**Supplied data:**
|---|

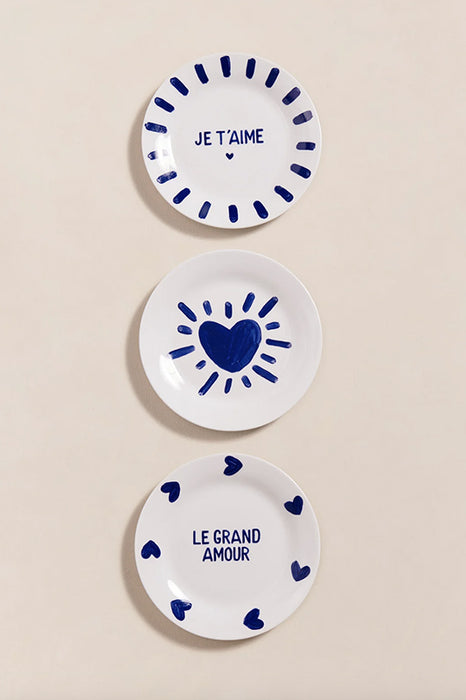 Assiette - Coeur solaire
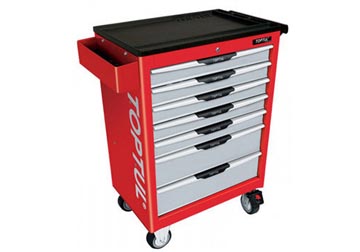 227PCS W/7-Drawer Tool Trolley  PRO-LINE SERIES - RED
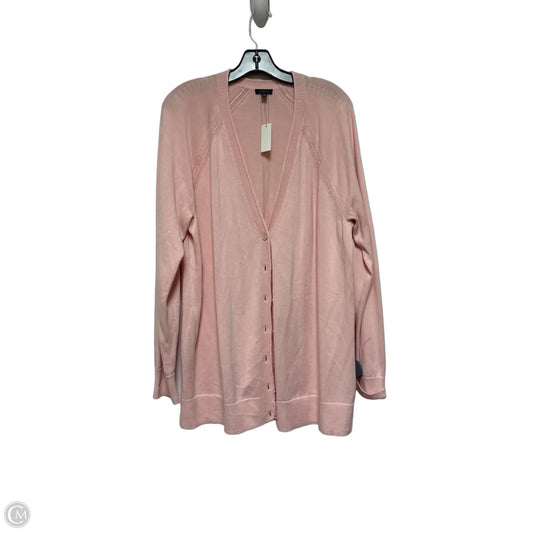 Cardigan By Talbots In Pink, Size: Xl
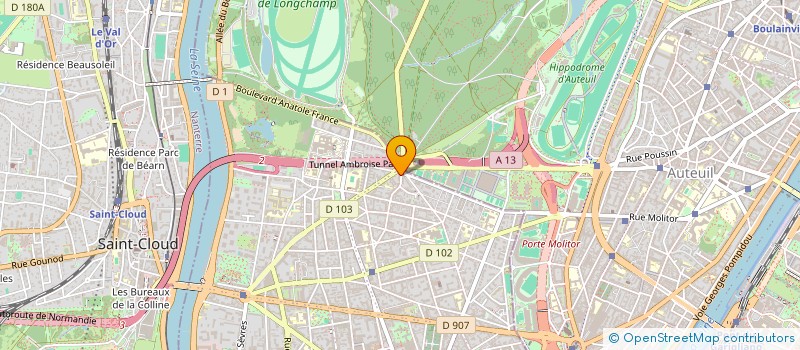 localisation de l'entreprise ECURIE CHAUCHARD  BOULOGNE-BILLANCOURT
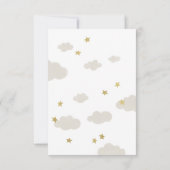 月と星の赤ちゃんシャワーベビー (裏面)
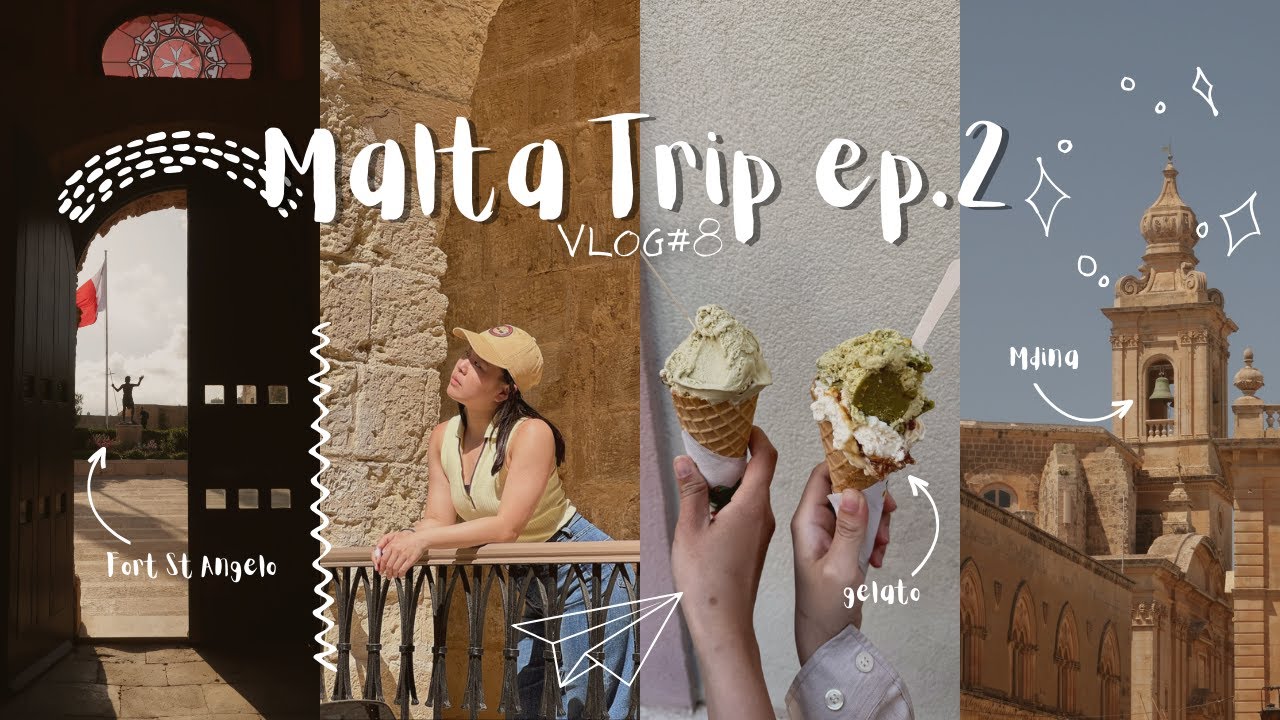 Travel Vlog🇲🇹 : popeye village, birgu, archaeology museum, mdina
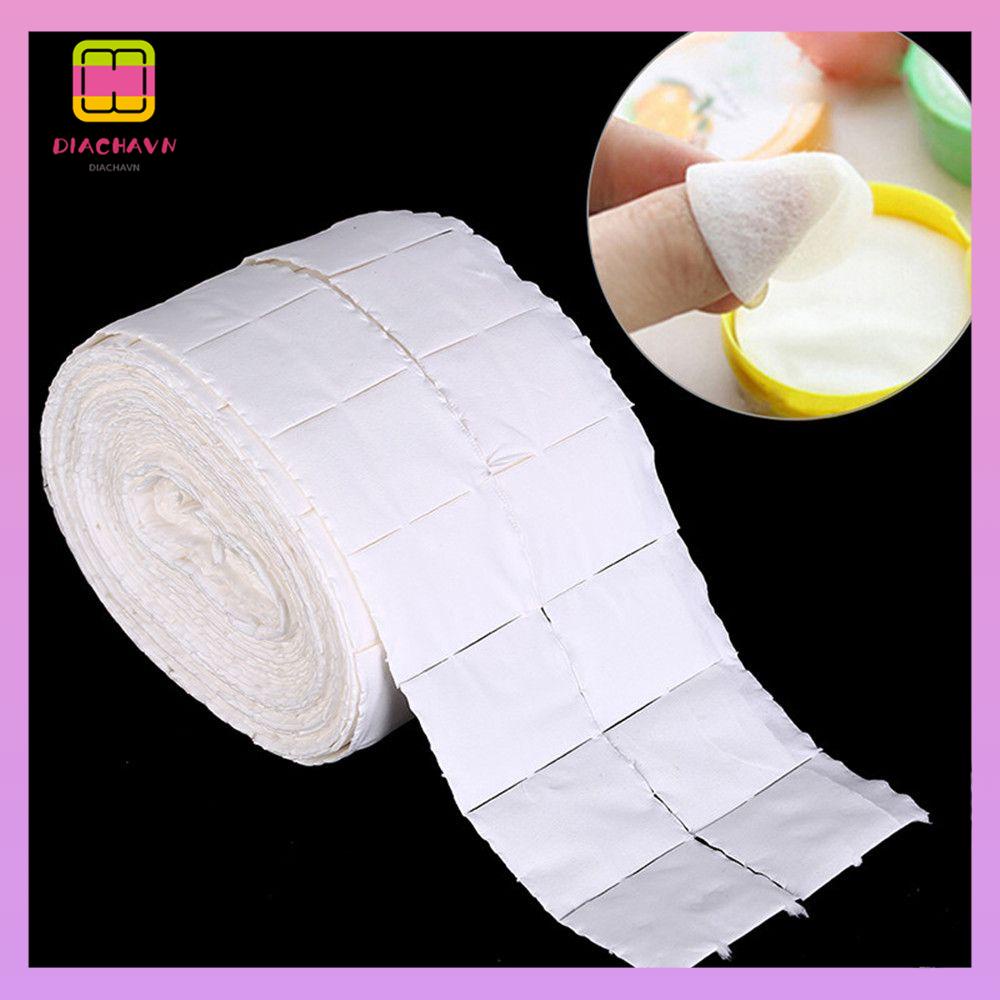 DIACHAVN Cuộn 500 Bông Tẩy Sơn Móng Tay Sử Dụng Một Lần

|---|

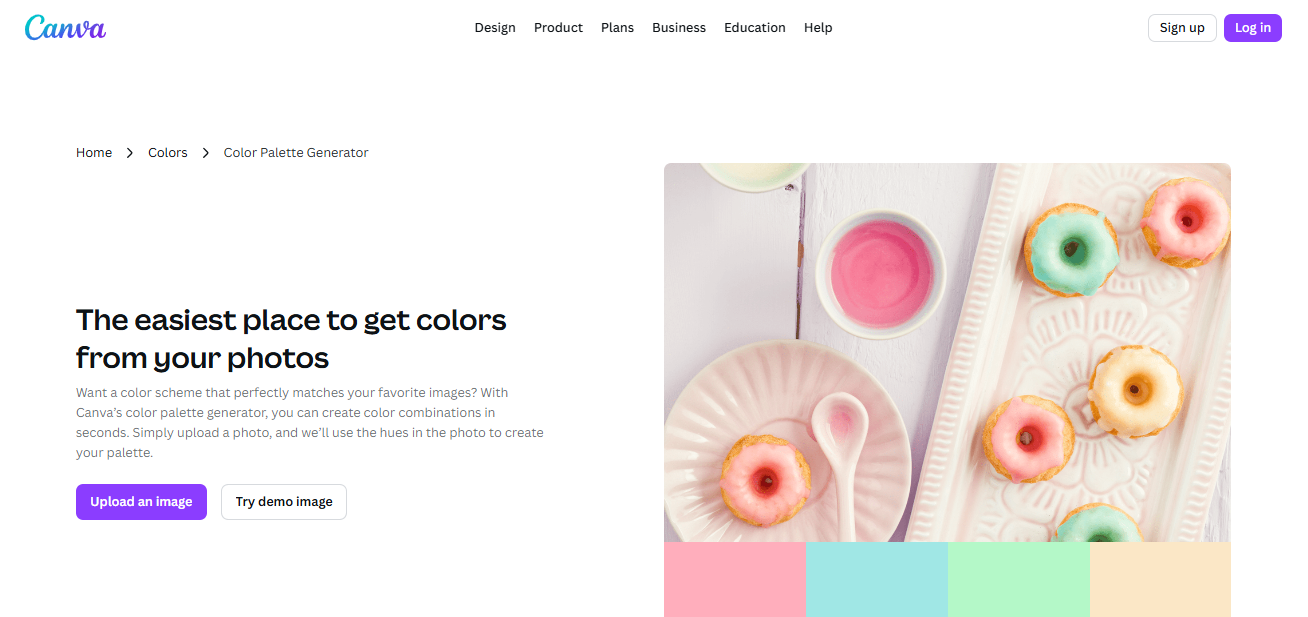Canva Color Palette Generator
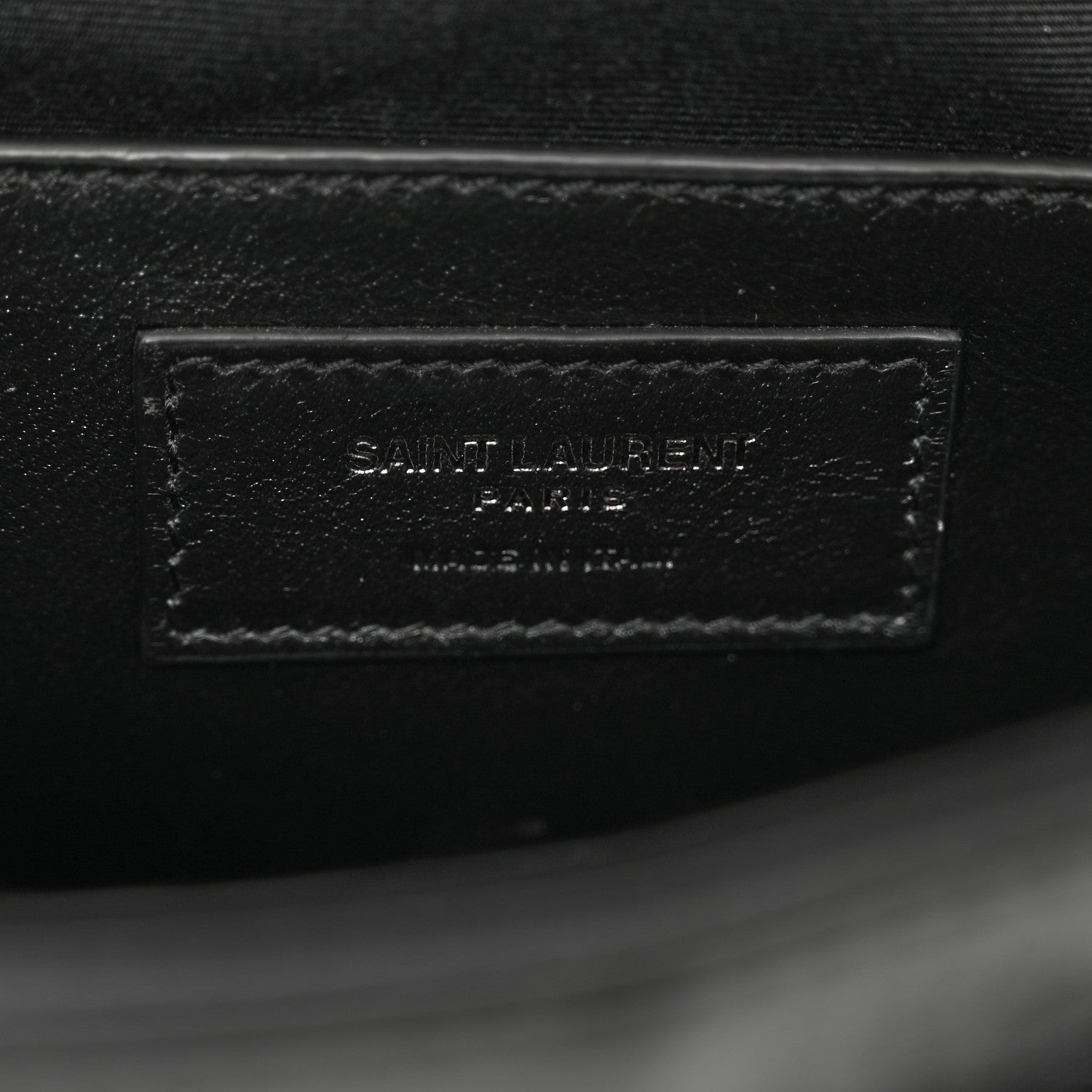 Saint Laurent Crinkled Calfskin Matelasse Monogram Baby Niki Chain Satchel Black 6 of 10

|---|

**Your objective:** Transcribe, exactly and without pictures, everything in the data from the line with "227PCS W/7-Drawer Tool" down to the line with "DIACHAVN Cuộn 500", both included.

**Exercise result:**
 227PCS W/7-Drawer Tool Trolley  PRO-LINE SERIES - RED
 Cardigan By Talbots In Pink, Size: Xl
 localisation de l'entreprise ECURIE CHAUCHARD  BOULOGNE-BILLANCOURT
 月と星の赤ちゃんシャワーベビー (裏面)
 Travel Vlog🇲🇹 : popeye village, birgu, archaeology museum, mdina
 DIACHAVN Cuộn 500 Bông Tẩy Sơn Móng Tay Sử Dụng Một Lần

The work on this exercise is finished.